— Supplied information —
/---

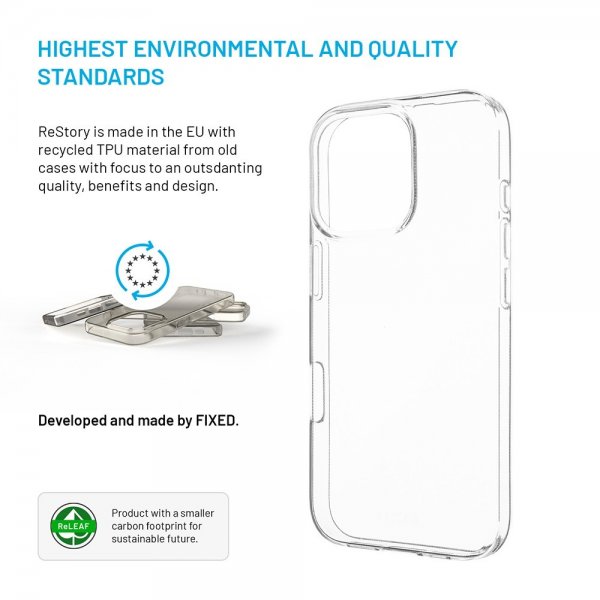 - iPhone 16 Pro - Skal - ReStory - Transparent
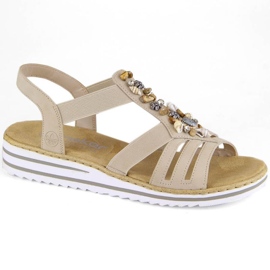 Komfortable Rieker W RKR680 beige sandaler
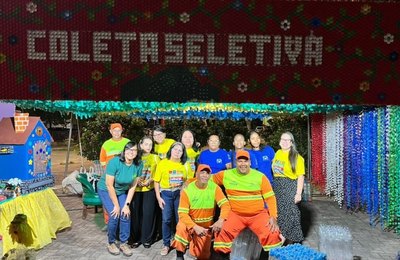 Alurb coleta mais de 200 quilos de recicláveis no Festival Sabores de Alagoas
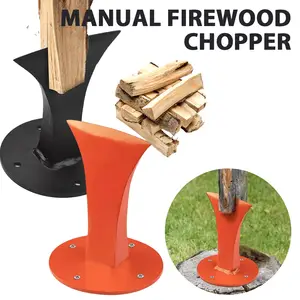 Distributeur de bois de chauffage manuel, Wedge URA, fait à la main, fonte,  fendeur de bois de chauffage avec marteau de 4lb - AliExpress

\---

Transcribe word for word only the lines from the one with "Komfortable Rieker W RKR680 beige sandaler" through the end of the listing; every picture is to be omitted.

— Expected answer —
 Komfortable Rieker W RKR680 beige sandaler
 Alurb coleta mais de 200 quilos de recicláveis no Festival Sabores de Alagoas
 Distributeur de bois de chauffage manuel, Wedge URA, fait à la main, fonte,  fendeur de bois de chauffage avec marteau de 4lb - AliExpress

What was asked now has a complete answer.